From Two Weeds, EMR Ideas Flower
Finally, I’ve come across a really spot-on analysis of what ails healthcare, and some proposals that have serious potential to improve healthcare for people like my patients.
The analysis and proposed fixes are detailed by Lawrence Weed, M.D. and his son Lincoln Weed, in their book “Medicine in Denial.”
The book is a little long, but for those who are interested in leveraging technology to make healthcare more consistent and more patient-centered, I’d say it’s a must-read.
In particular, the Weeds’ book provides:
An excellent description and analysis of two huge fundamental problems in healthcare. One is the way we persist in relying on fallible physician minds to manage the process of evaluating, diagnosing, and managing medical problems. The other is our lack of standards for consistently documenting and organizing information related to our evaluation and management of patients.
A proposed method of reorganizing electronic medical records and clinical data. This “problem-oriented medical record” would provide a fundamental level of organization and transparency to the practice of medicine, and would allow better management of multiple problems over time.
A vision of healthcare focused on empowering patients, and on enabling healthcare to be tailored to each patient’s needs, rather than driven by provider idiosyncracy or the blunt tools of evidence-based medicine.
The Weeds point out the obvious: there exists far too much medical information for the human brain to keep it all in mind, and apply it in a consistent and thorough fashion during a medical encounter.
This creates serious problems when it comes to the core medical work of diagnosis and providing treatment recommendations. When a patient comes to a physician with a complaint, the physician invariably does not collect enough data. Instead, clinicians ask questions somewhat idiosyncratically, depending on factors such as their initial hunch, their specialty habits, etc.
Next, physicians do a highly imperfect job of matching the patient’s data – i.e. the positive and negative findings – with medical knowledge.
As the Weeds point out, a patient with a medical concern can go see three different doctors and emerge with three different diagnoses. And of course, just as clinicians are idiosyncratic in their diagnostic processes, they are also idiosyncratic in how they recommend further evaluation.
To make matters even worse, not only are clinicians applying idiosyncratic human processes to diagnosis and management, but they then go on to document their findings and thought-processes in spotty idiosyncratic ways.
The Weeds propose a “standardization of inputs,” and argue that clinical judgement should be applied after we use computers and technology to complete two key tasks. The first task is to reliably identify and collect the necessary information from patients, via standardized questionnaires that are tailored to the complaint in question. The second is to use a “knowledge coupler” to analyze the patient’s responses and propose a list of diagnostic possibilities.

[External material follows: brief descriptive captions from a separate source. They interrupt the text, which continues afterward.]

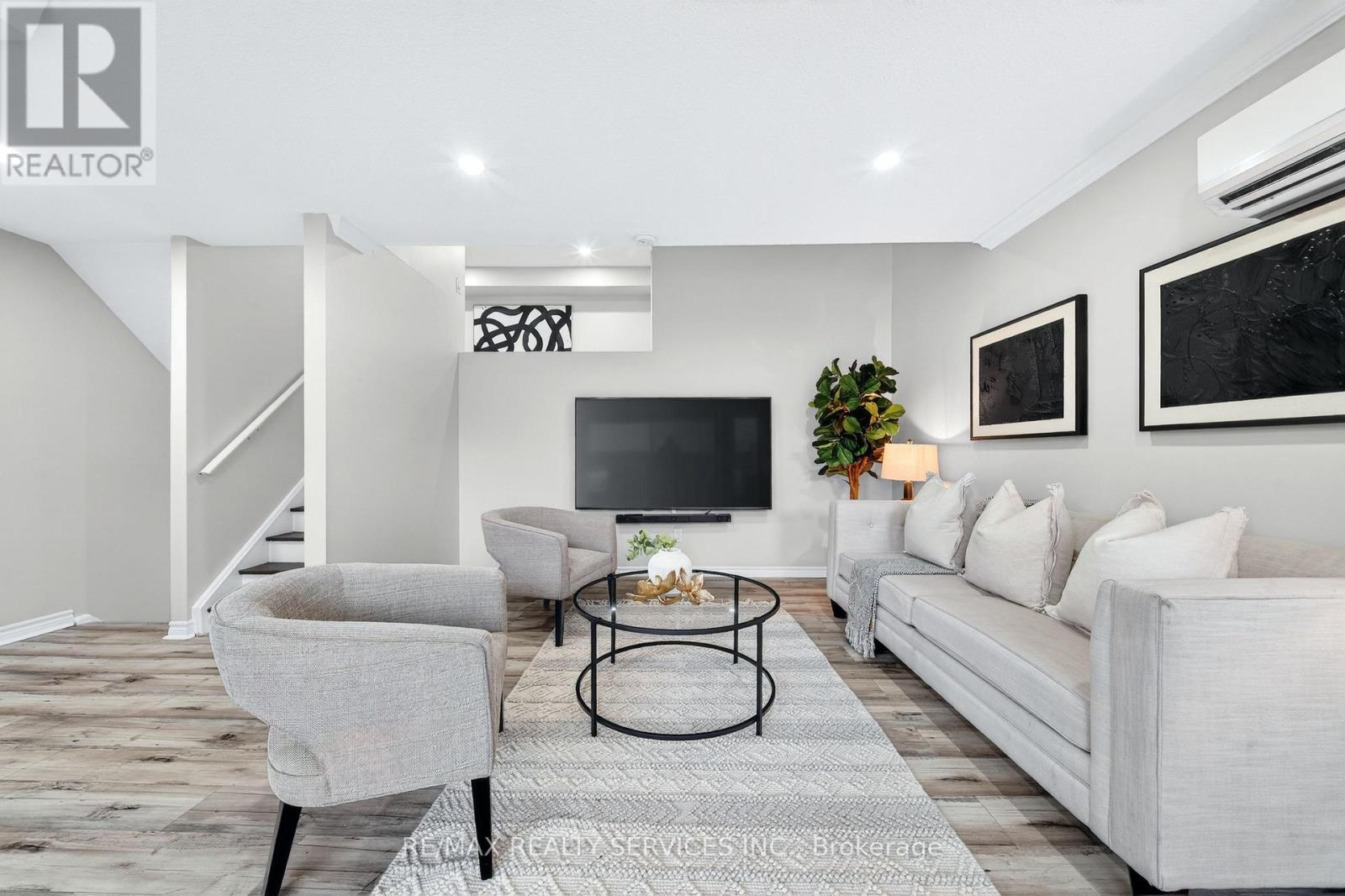 179 Milestone Crescent, Aurora, Ontario  L4G 3M2 - Photo 14 - N12965126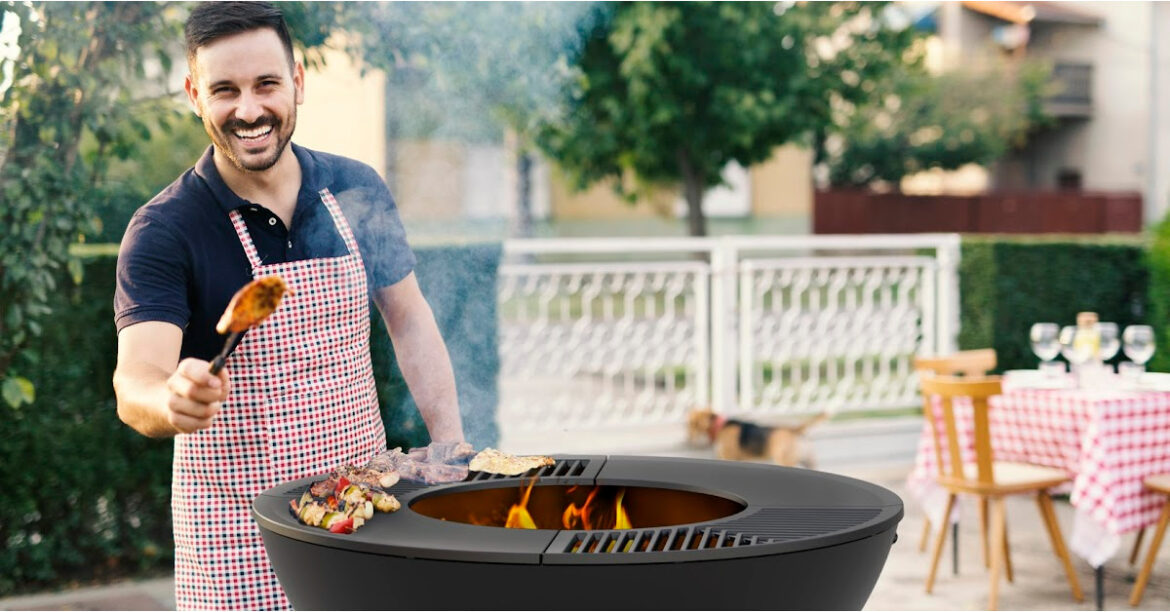 Un homme est en train de faire du barbecue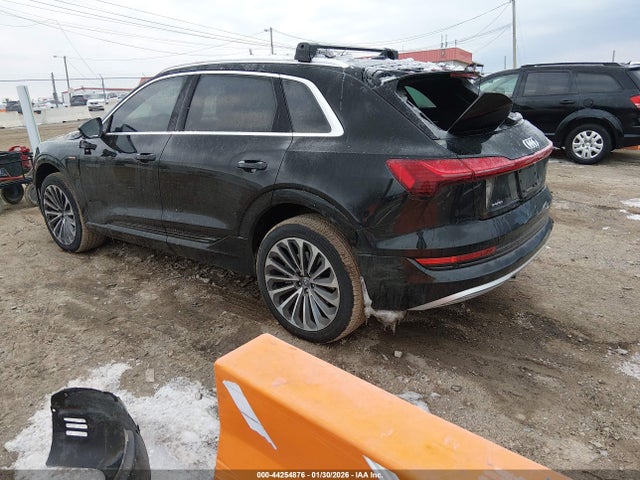 2019 AUDI E-TRON WA1VAAGEXKB012605 Photo 2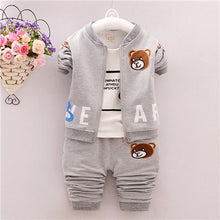 Load image into Gallery viewer, 2019 New products Fashion  Children&#39;s clothing suit  Cotton products for Boys  Three-piece set Spring and autumn Kids set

Presumably the reflexive response of many physicians will be to decry this as cookbook medicine.
Is it? Having been dismayed by the spotty clinical work that many physicians produce under today’s usual rushed outpatient conditions, I’m not sure a little cookbook structure is such a bad thing. As the Weeds point out, the purpose is to start with a solid, consistent foundation, and then proceed to individualizing.
Still, I couldn’t help but wonder if detailed data collection might not be more overwhelming for patients and providers than they admit. It certainly would’ve helped if the Weeds had provided an actual example of a sample questionnaire for one or more common complaints in an older adult.
In short, I found myself easily persuaded by the theoretical case for a technology-assisted combinatorial approach, rather than today’s terribly error-prone judgmental approach. But I was left uncertain as to how feasible it actually would be to implement in the case of complex elderly patients.
Leslie Kernisan, M.D., is a geritrician with the UCSF Health system.